The front coupler measured within specifications but since we are wanting everything to be close to original, it was decided to install a new thicker wear plate under the coupler shank.
Carl has also straightened a number of bends in the hand rails. They are now all correctly in-line and back to where they should be.
Carl and Frank Kunsaitis then rigged a come-along to try and pull out a side skirt panel that had been pushed in slightly. It worked somewhat but the metal had been stretched and would not straighten completely. That area will most probably require body filler material prior to painting.
We knew that the brake cylinders most probably needed servicing and when air brake pressure was applied, two leaks were found. There was one on each of the two duplex cylinders. The only option was to disassemble them, clean them up and install new brake cylinder cups. Ryan Keck provided four of the cups which will be enough to refurbish the front truck. He has enough in stock to also do the rear truck.
Tim Johnson, Bob Bray, Frank Kunsaitis, and with moral support from Tom Platten, the task of removing the brake pistons was started. This is one of the dirtiest jobs while maintaining Diesel locomotives. The pistons are covered with stinky old black grease. They are very difficult to access and everything must be cleaned and regreased before they are reassembled. The pistons were removed from the left side cylinder on front truck and were cleaned up. Then the cylinder must be wiped clean of old grease and have fresh grease applied.

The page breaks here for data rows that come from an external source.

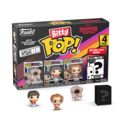 Funko Bitty Pop Demogorgon Stranger Things 4 Pack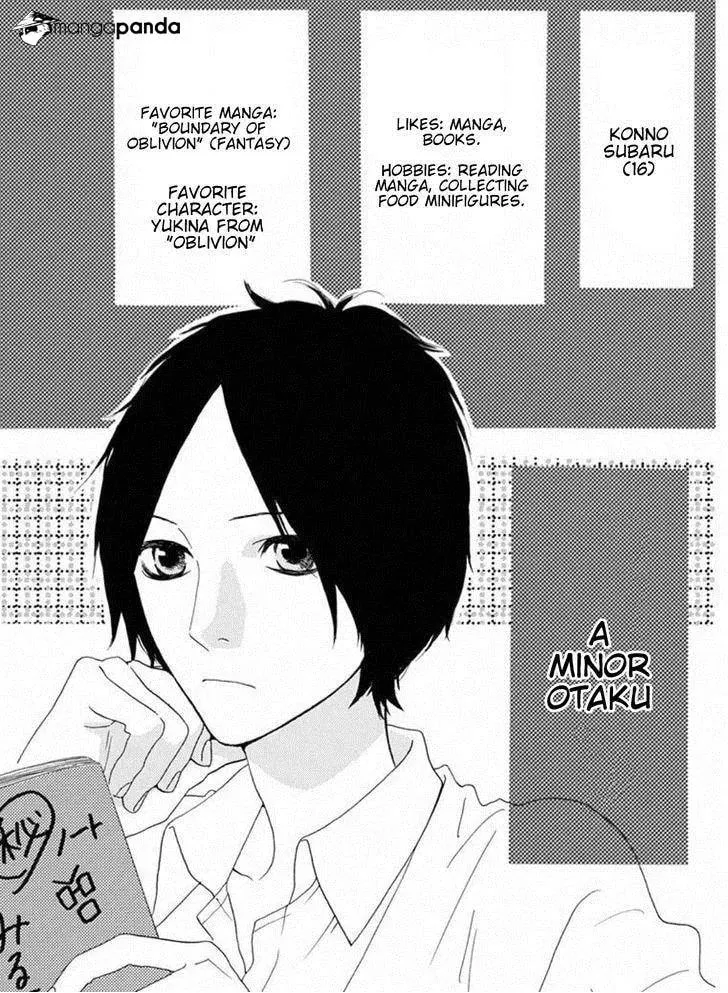 Read Sugars☆ chapter 15 image 1 on Lezhin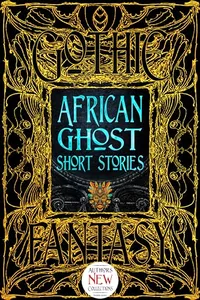 «African Ghost Short Stories»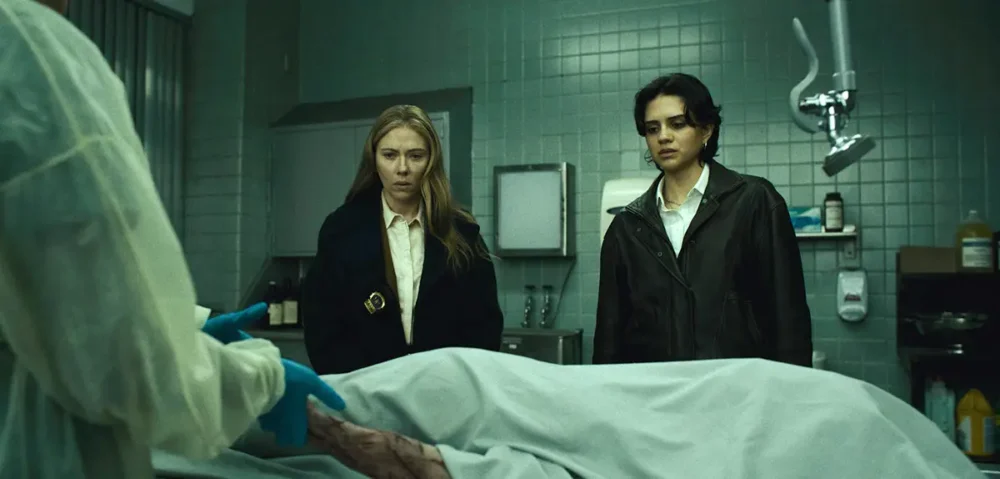 Πρώτo Trailer Από Το "The Exorcist Martyrs"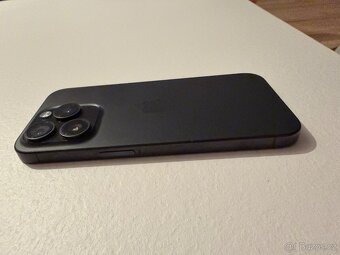 Apple Iphone 15 Pro 128gb - 4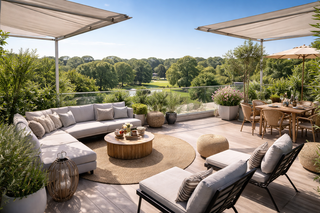  Appartement � vendre 4 pi�ces 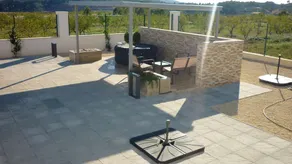 Apartment With in Macisvenda With Pool Access Terrace an - Image 2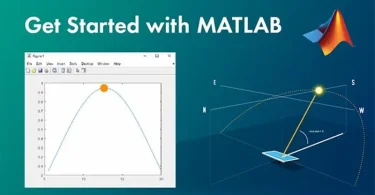getting started with matlab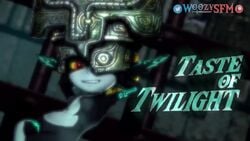 Imp Midna & Link (Nintendo) Rule 34 Video – Ass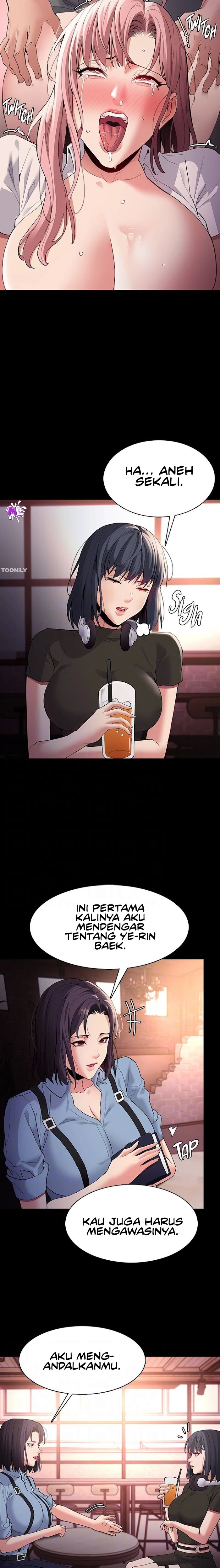 Pervert Diary - Chapter 40 5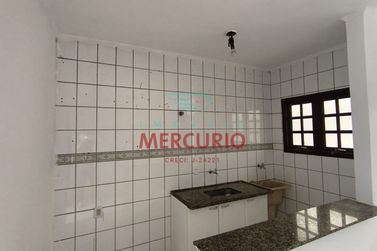 Apartamento para alugar - Vila Cardia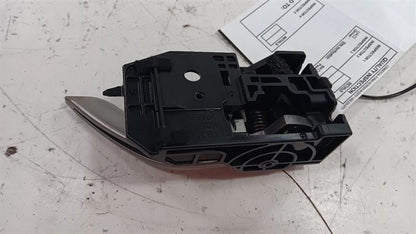 Mazda CX-3 Door Handle Left Driver Front Interior Inside  2019 2020 2021 2022
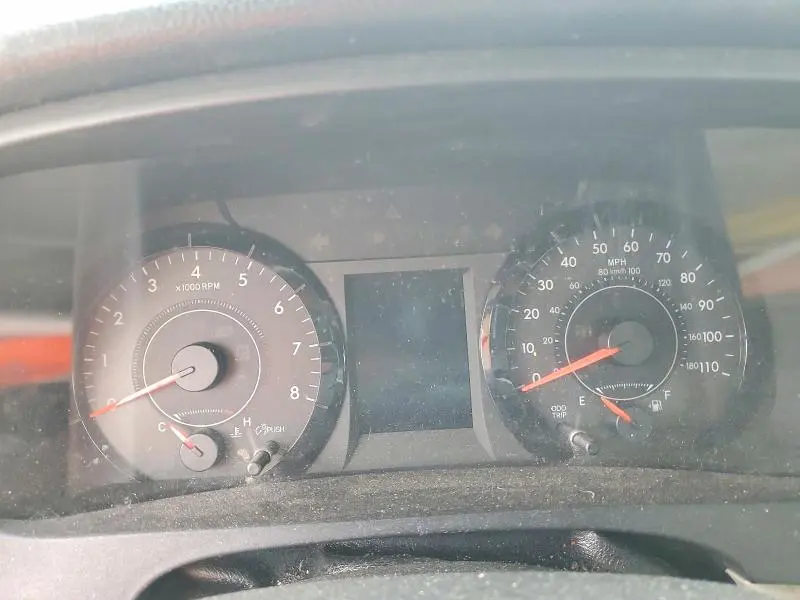 2015 TOYOTA SIENNA L 7-PASSENGER  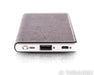 Oppo HA-2 Portable Headphone Amplifier / DAC; HA2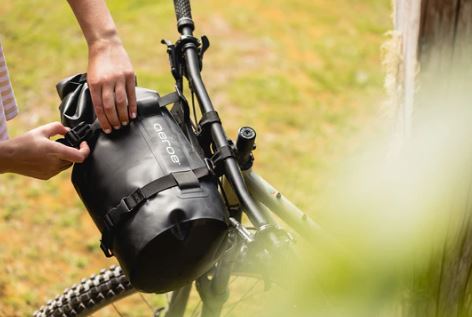 Aeroe Heavy Duty Drybag (12L)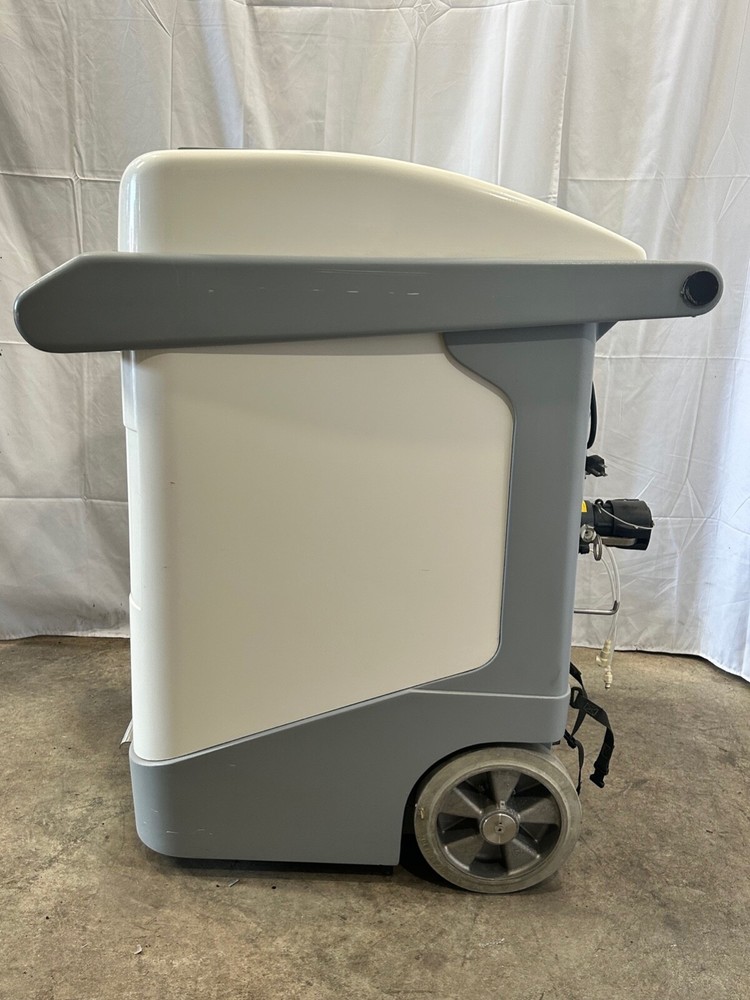 BIOQUELL CLARUS-C Bio-decontamination Hydrogen Peroxide System T0346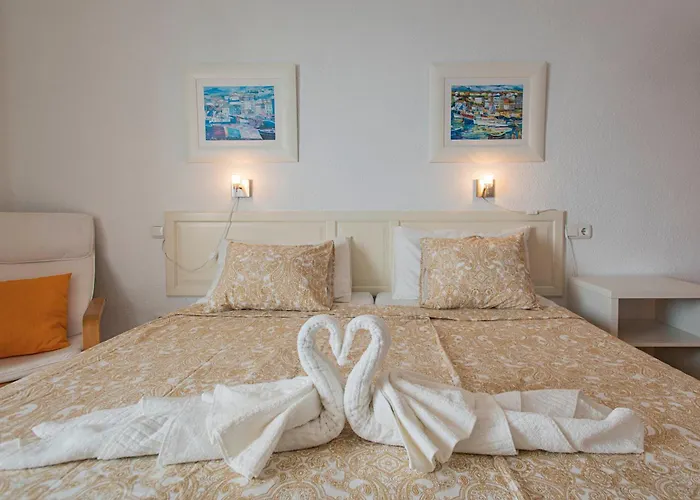 Appartement Brisas De Tenerife *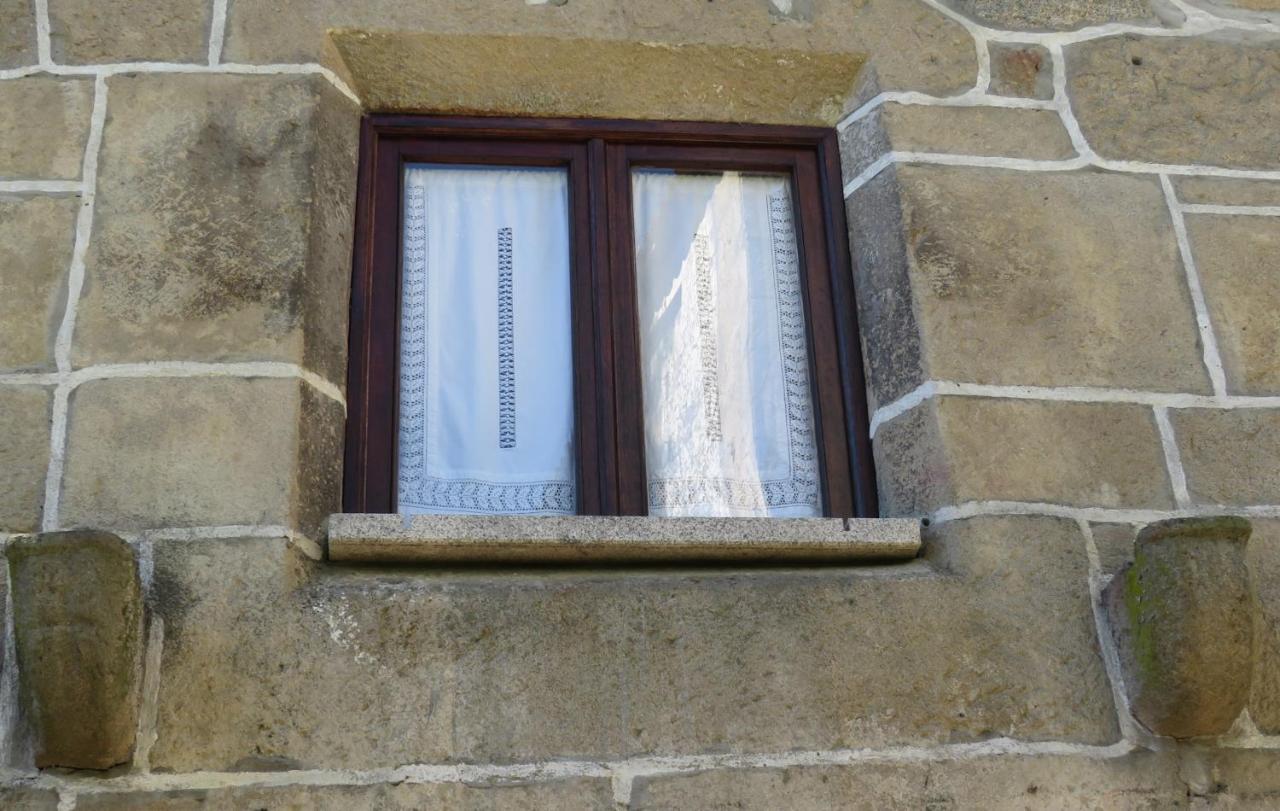 Willa Casa Porta De Santiago Pinhel Zewnętrze zdjęcie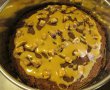 Tortul nostru  brownie-3
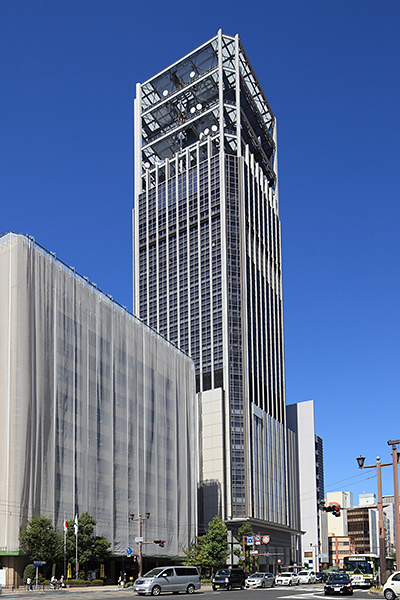 ドコモ広島大手町ビル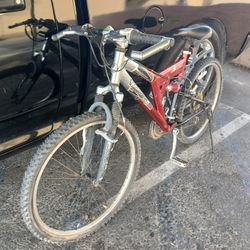 Mountain Bike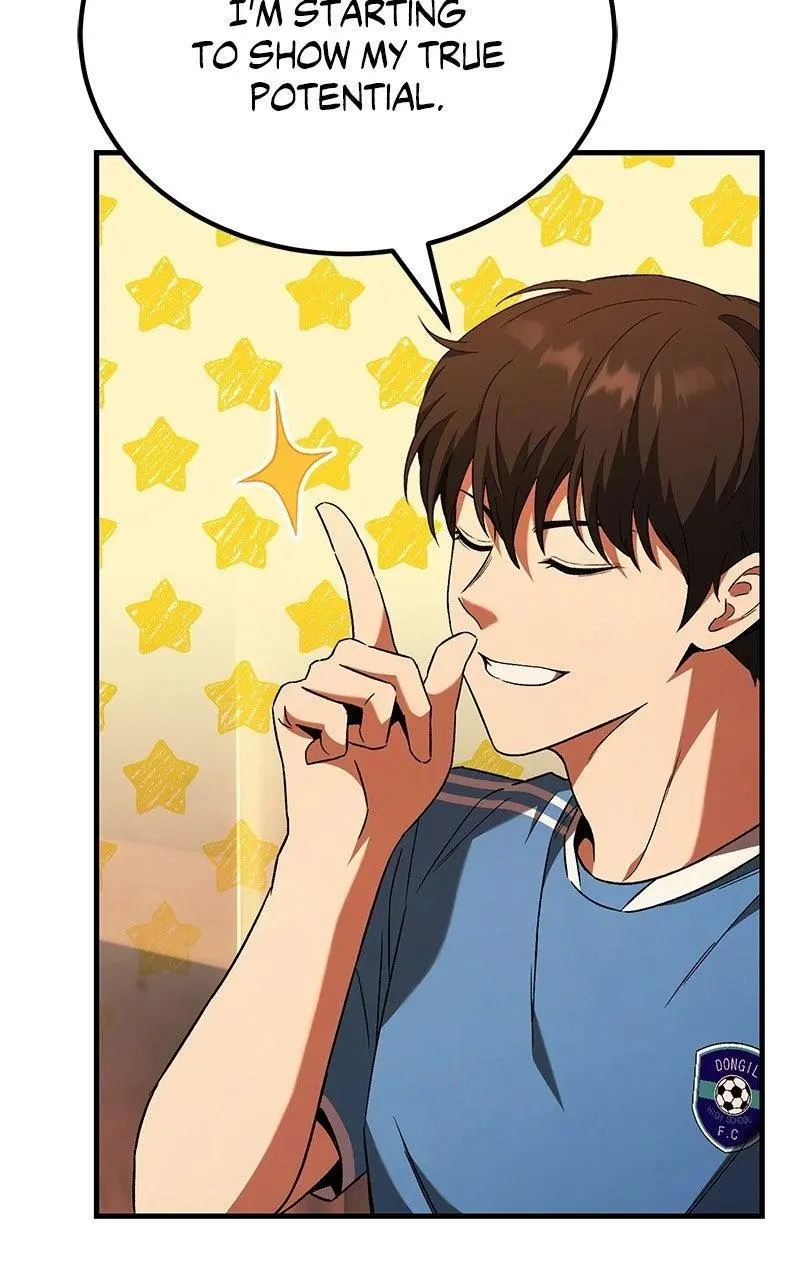 The Genius Midfielder with the Killer Pass Chapter 2 page 27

This work will continue next Saturday. It takes almost a full day to service just one of the duplex brake assemblies, and there are four to do. This shows Bob bray with one of the piston assemblies after it had been removed.
Earlier in the week, John Salvini and Richard Berk moved the locomotive outside so they had access to the Diesel engine sides with a forklift. They picked up the repaired exhaust manifolds with the forklift and placed them next to the engine so they could be pushed back into the cavity where they are normally mounted. This fitting process was needed to prove that the manifolds would fit correctly after the major rework that Carl and Jeff Williams had done when they rebuilt them a few months ago.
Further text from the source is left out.